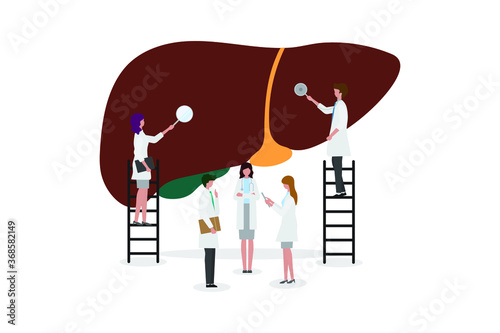 A team of doctors checkup the 
liver. People examine the organ and make a diagnosis. Design for web banner on white background. Healthy 
liver vector illustration concept. 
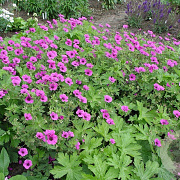 Geranium 'JS Matu Vu' GM P9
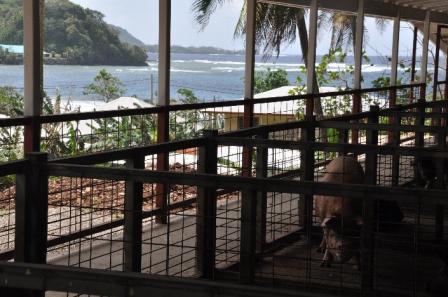 Image of a pig enclosures with beach in the background.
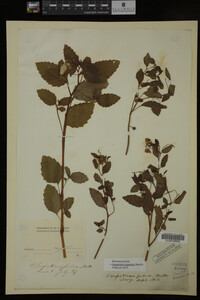 Impatiens capensis image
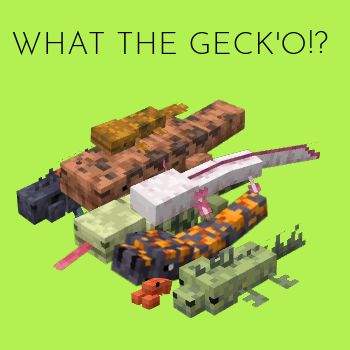 WHAT THE GECK'O!?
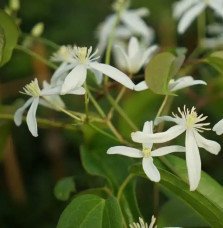 Pépinières Français PF_Clématite797 Clématite Armandii 'Little White Charm' - clematis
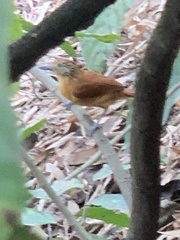 Thamnophilus doliatus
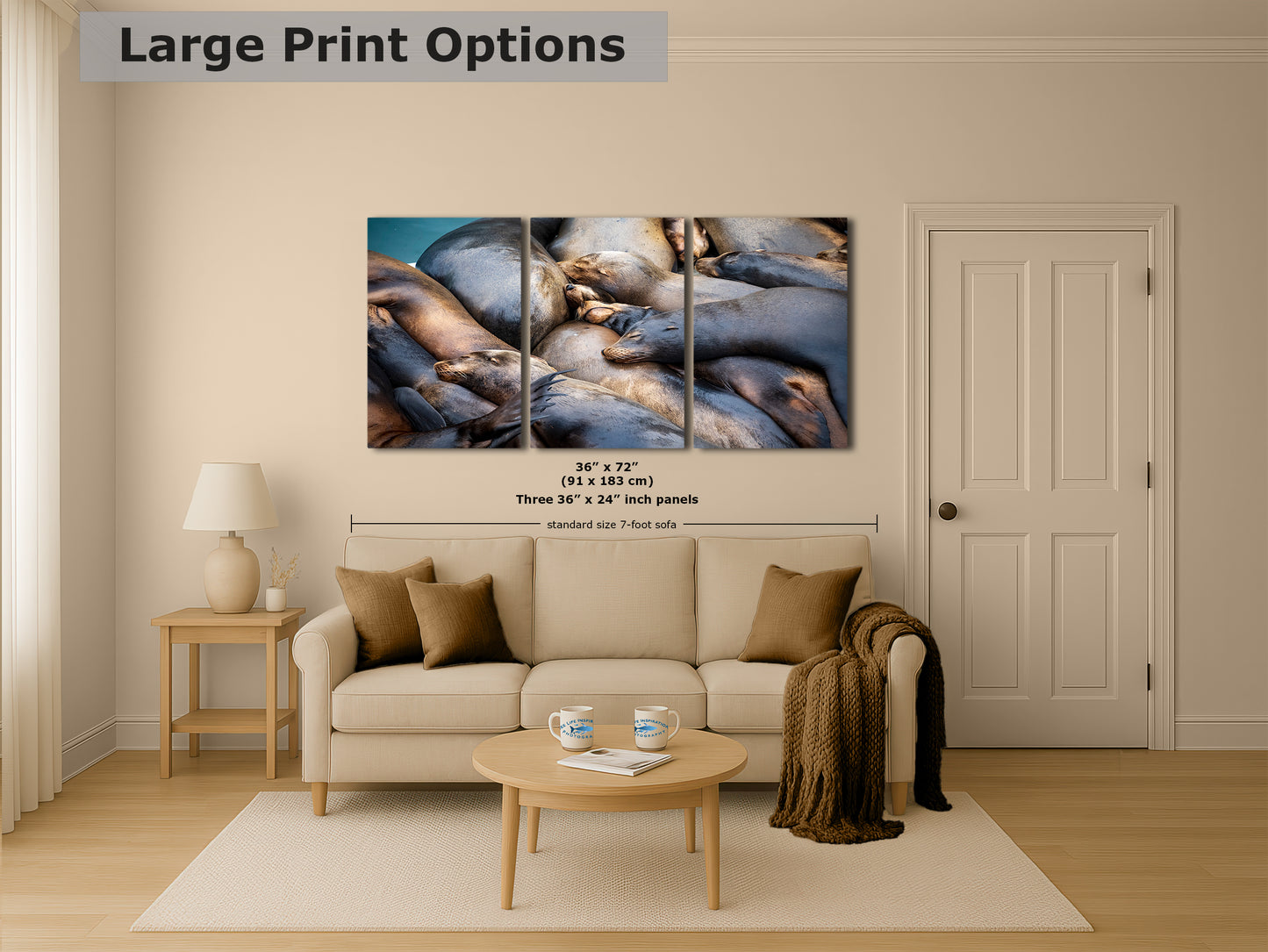 California Sea Lion Marine Mammal Wildlife Photography Wall Art - Ocean Animals Nursery Decor Coastal Home Artwork, Marine Biology Print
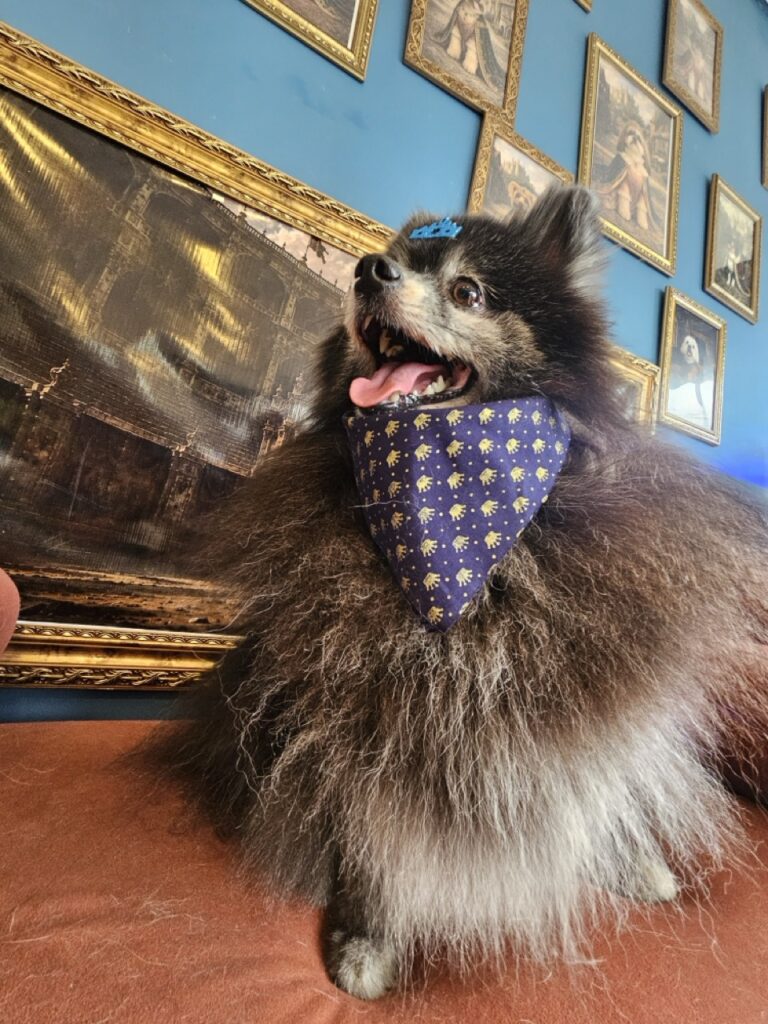 Foto de capa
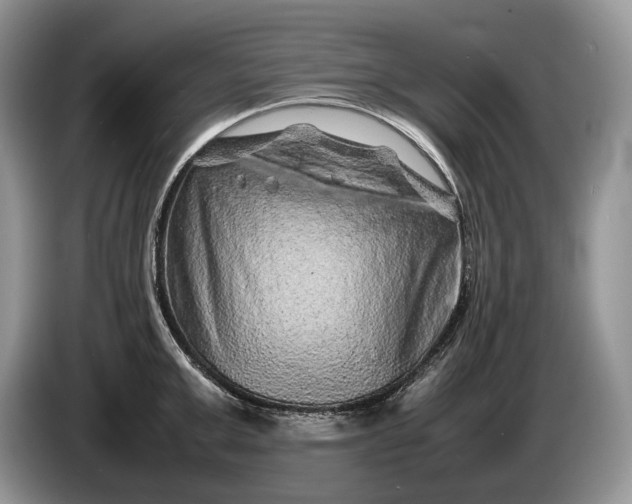 X0000086280999200704122044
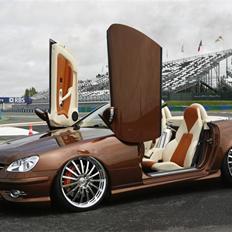 Mercedes Benz SLK "Custom" 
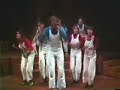 The Piggy Wiggy Boogie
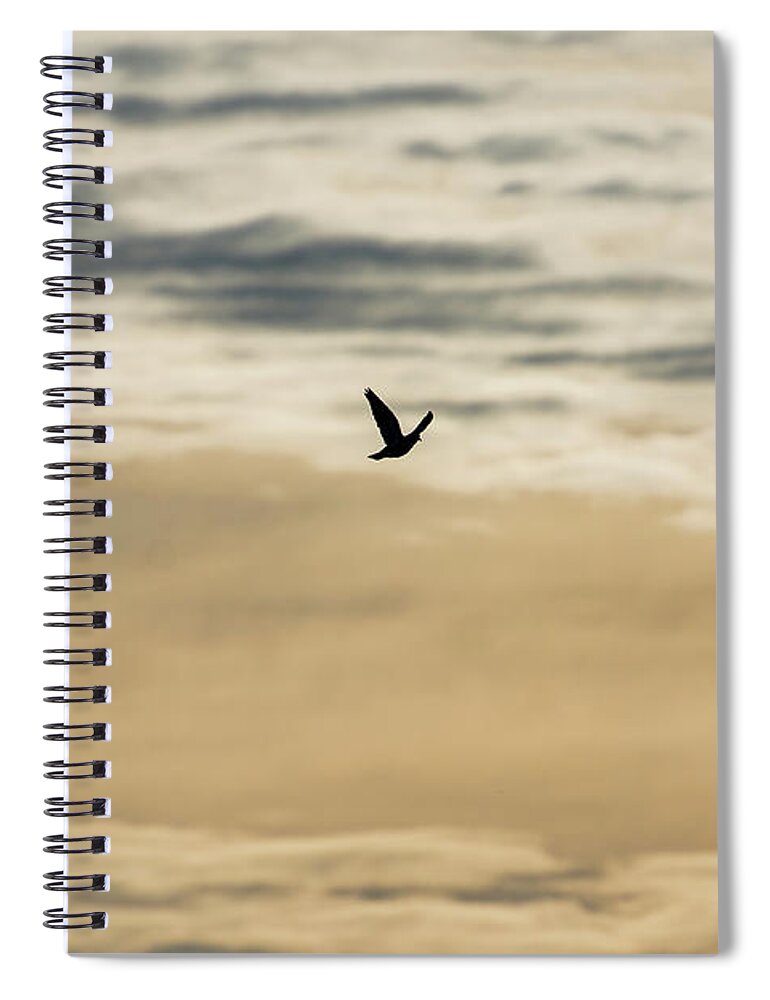 Dove Spiral Notebook featuring the photograph Dove in the Clouds by Douglas Killourie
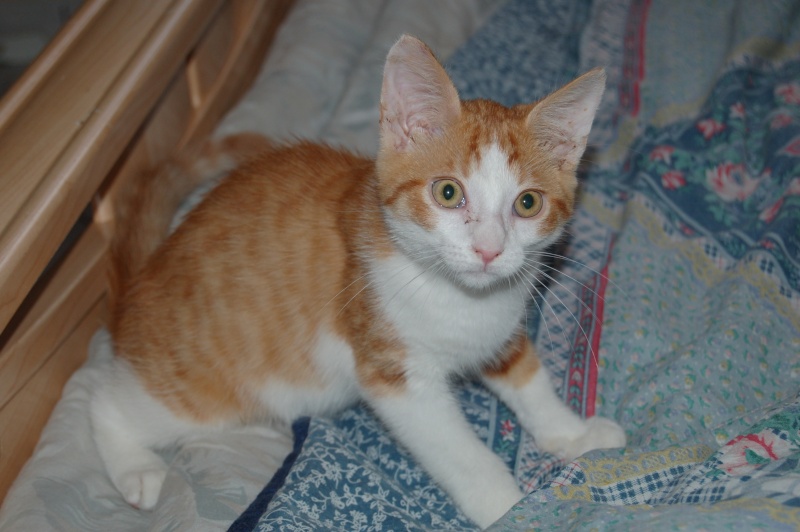 David, petit chaton mâle roux et blanc Dsc_0010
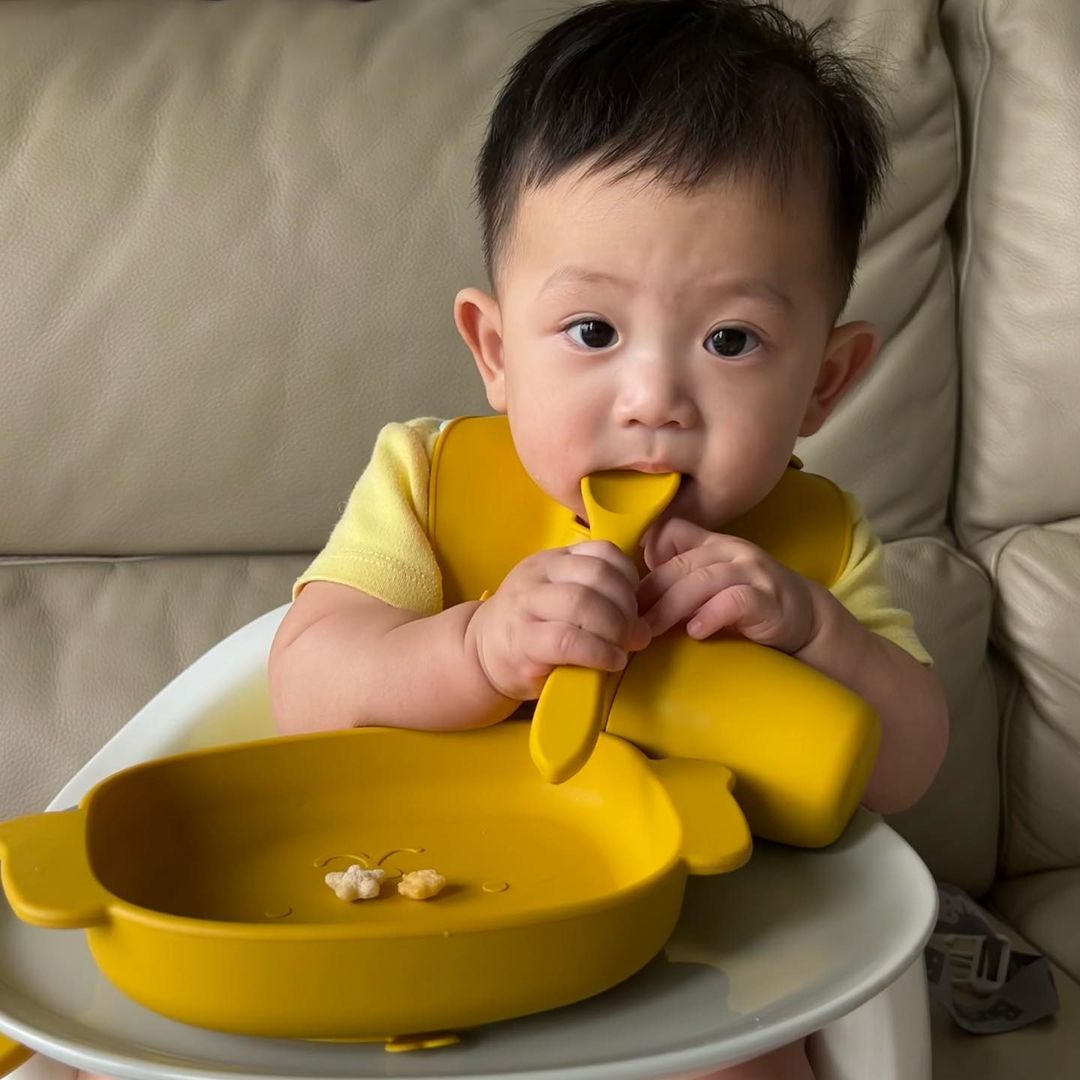 Silicone Baby Bib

++++++++++

Set aside each line above that includes the string "liver" and report it.

liver. People examine the organ and make a diagnosis. Design for web banner on white background. Healthy 
liver vector illustration concept. 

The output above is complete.